Relational Algebra

Example schema will be used for examples

Relations: Movies(mID, title, director, year, length); Artists(aID, aName, nationality); Roles(mID, aID, character)
Foreign key constraints: Roles[mID]\(\subseteq\) Movies[mID]; Roles[aID]\(\subseteq\) Artists[aID]

Relational algebra

The value of any expression is a relation
Assumptions
- Relations as sets (without duplicated rows)
- Every cell has a value
Operands: tables
Operator examples:
- Choose only the rows wanted
- Choose only the columns wanted
- combine tables

Operators

Select Rows

\(\sigma_c(R)\): \(R\) table, \(c\) boolean expression

The result is a relation with the same schema but with only the tuples satisfy \(c\)
Select all British actors \(\sigma_{\text{nationality = 'British'}}(Actors)\)
Select all movies from 1970s \(\sigma_{1970\leq year\leq 1979}(Movies)\)

Project

\(\Pi_c(R)\) slice vertically

onto fewer attributes can remove key that makes duplicates possible, whenever duplicates happens, only one copy of each is kept
To perform multiple query together Example: find the names of all directors of movies from the 1970s \(\pi_{director}(\sigma_{1970 <year<=1979}(Movies))\)

Cartesian Product

\(R_1\times R_2\) map two relations to a new relation with every combination of a tuple from \(R_1\) concatenated to a tuple from \(R_2\)

Resulted schema is every attribute from \(R_1\) followed by \(R_2\) in order
The resulted relation have \(R_1.cardinality|\times R_2.cardinality\) tuples

Natural join

\(R_1\bowtie R_2\) take the Cartesian product and select rows with the same attribute and value that are in both relation to ensure equality on attributes, then project to remove duplicate attributes

Natural join is commutative and associative

Theta Join

\(R_1\bowtie_{c} R_2:= \sigma_c{R\times S}\)

Assignment

\(R:= Expression\) or \(R(A_1,...,A_n):=Expression\), the second way allows to rename all the attributes

\(R\) must be temporary and not one of the relations in the schema, it should not be updated

Rename

\(\rho_{R_1}(R_2)\) or \(\rho_{R_1(A_1,...,A_n)}(R_2)\) renames the relation.
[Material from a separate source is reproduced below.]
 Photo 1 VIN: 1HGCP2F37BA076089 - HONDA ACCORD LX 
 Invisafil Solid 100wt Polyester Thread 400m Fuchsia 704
Note that \(R_1:=\rho_{R_1(A_1,...,A_n)}(R_2)\) is equivalent to \(R_1(A_1,...,A_n):=R_2\)

Division

\(R/S:=\) the largest relation \(Q\) s.t. \(Q\times S\subseteq R\). the operation will return a relation will all the attributes in \(R\) that's not in \(S\) and all tuples in \(R\) that match every tuple in \(S\)